How do you identify PVC? Separate the laminate and stretch the film and observe how it tears and it will tear differently from the other films.
Another way of identifying face materials is by their gloss and brightness levels and how they change when the labels are printed (Figure 7.1).
Samples of materials printed with the same ink (and on the same press under identical conditions), but with different surface characteristics can look completely different.
Figure 7.1 Label finishes.jpg
Given the huge range of choices available to the end user and the label converter, how does one select the right labelstock in totality? Factors that need to be taken into account include:
The bond required, whether permanent or removable.
The shape of the container or labeled surface, whether circular or flat, and if circular, what is the diameter and co-diameter of the product?
The size of the label required will help decide the GSM, or thickness, of the material.
What is the texture of the surface where the label will be applied? Rough, smooth, porous or a mixture of these characteristics.
What is the chemical composition of the substrate to be labeled? Glass, HDP, LDP, corrugated etc.
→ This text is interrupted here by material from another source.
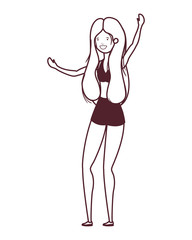 silhouette of woman with swimsuit on white background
They all have different surface tension and the way they create bonds will be different, requiring different kinds and GSMs of adhesives.
What are the printing and converting requirements?
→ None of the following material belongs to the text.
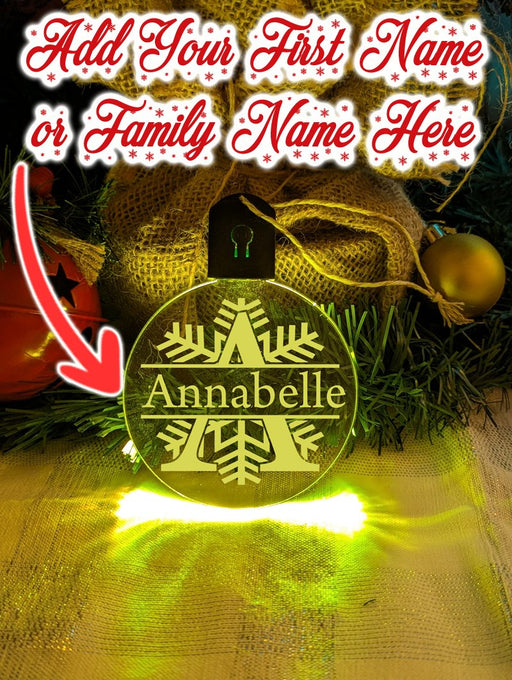 Monogram Inital A B C D Personalised Name Christmas Bauble Decoration - KustomboxNight Lights & Ambient LightingKustomboxBauble - Standard Size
What finish is required from the label
What is the application temperature and end use temperature of the label?
After all these technical considerations have been taken into account, the economics required of the label have to be looked at.
These are among the factors which help decide which label product is appropriate for a particular application. The pace of technology change shows no sign of slackening, giving end users and converters ever greater choice as we move forward.
RECLOSEABLE LABELS CASE STUDY
An excellent case study of materials selection is reclosable labels, an ever-more popular choice for wet wipes, rice and other reclosable packs. Why is PP chosen over PE and Polyester for this application?
The key performance requirement is a label which is flexible enough to adjust to the changing shape of the pack as the number of wipes or the volume of rich, for example, decreases in the flexible pack.
On the surface, one might expect PE to be specified for its flexibilty, but PE would actually stretch too much.
Polyester, meanwhile is too stiff, and PVC is not considered environmentally friendly enough despite having potentially the correct performance characteristics.
For these reasons, PP is chosen. But to ensure it functions correctly, the thickness needs to be increased towards 90 more microns.